# WHAT THE EXERCISE ASKS
Exactly the lines from the one holding "Vintage Opal French" through the end of the material below must be printed, nothing more, and the pictures must be dropped.

# INPUT MATERIAL
##########
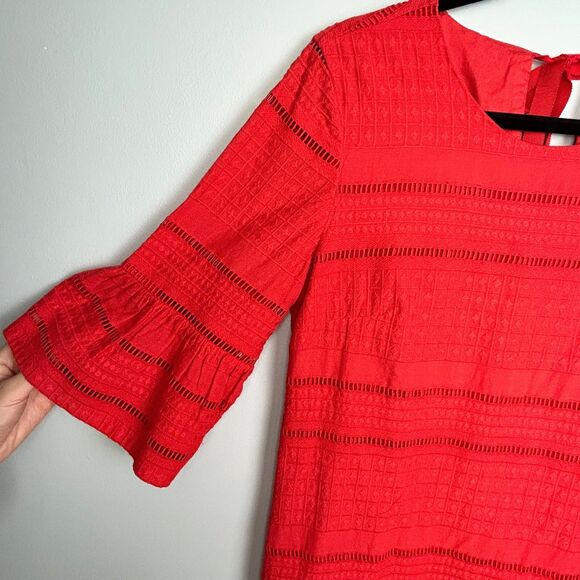 J.Crew Eyelet Flutter Bell Sleeve Shift Mini Dress Coral Orange Red Cotton Sz 4 - Picture 4 of 15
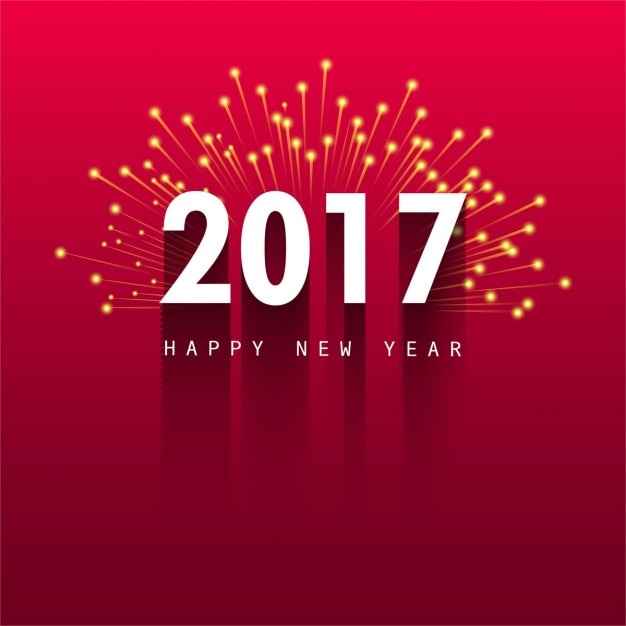 Red background with fireworks for new year Free Vector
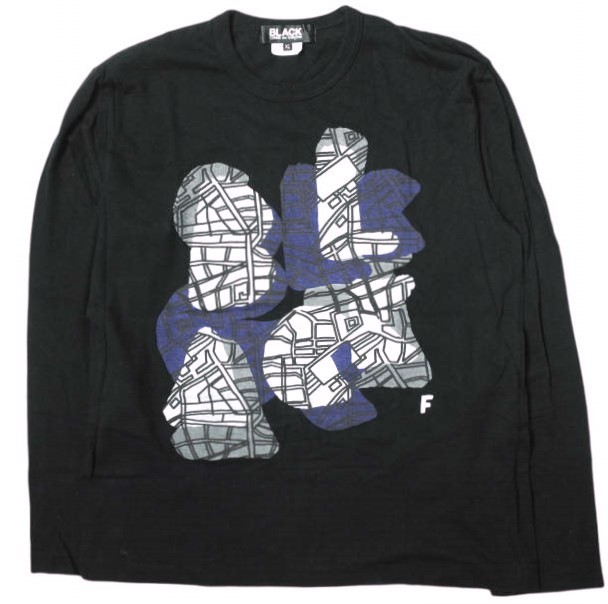 BLACK COMME des GARCONS ブラックコムデギャルソン 18AW 日本製 ロゴプリント ロングスリーブTシャツ 1B-T004 XL ブラック 長袖 g14987_画像1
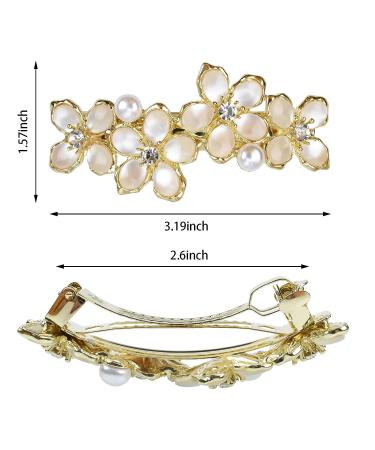 Vintage Opal French Pearl Hair Barrettes - Decorative Hair Clips for Women and Girls - Buy Online on GoSupps.com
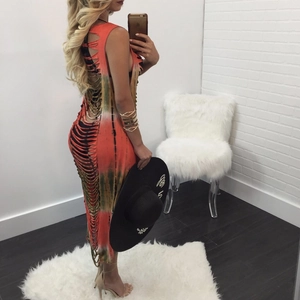 Orange tie-dye maxi dress with trendy distressed cut-outs and sleeveless openwork design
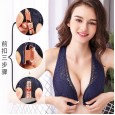 New front buckle vest style large size bra set cross beauty back gather bra adjustment type push up lingerie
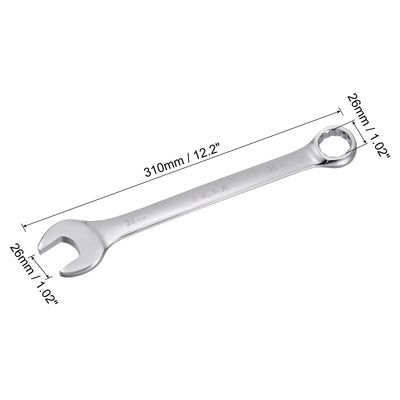 Harfington Uxcell Metric 26mm 12-Point Box Open End Combination Wrench Chrome Finish, Cr-V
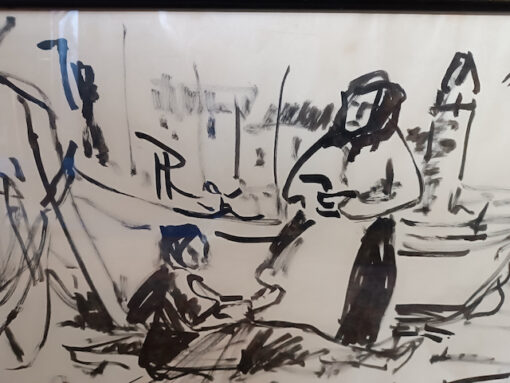 Tableau Joan Felip Vila "Collioure" encre sur papier Epoque XXème – Image 3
##########
# SOLUTION TO THIS PROBLEM
 Vintage Opal French Pearl Hair Barrettes - Decorative Hair Clips for Women and Girls - Buy Online on GoSupps.com
 Orange tie-dye maxi dress with trendy distressed cut-outs and sleeveless openwork design
 New front buckle vest style large size bra set cross beauty back gather bra adjustment type push up lingerie
 Harfington Uxcell Metric 26mm 12-Point Box Open End Combination Wrench Chrome Finish, Cr-V
 Tableau Joan Felip Vila "Collioure" encre sur papier Epoque XXème – Image 3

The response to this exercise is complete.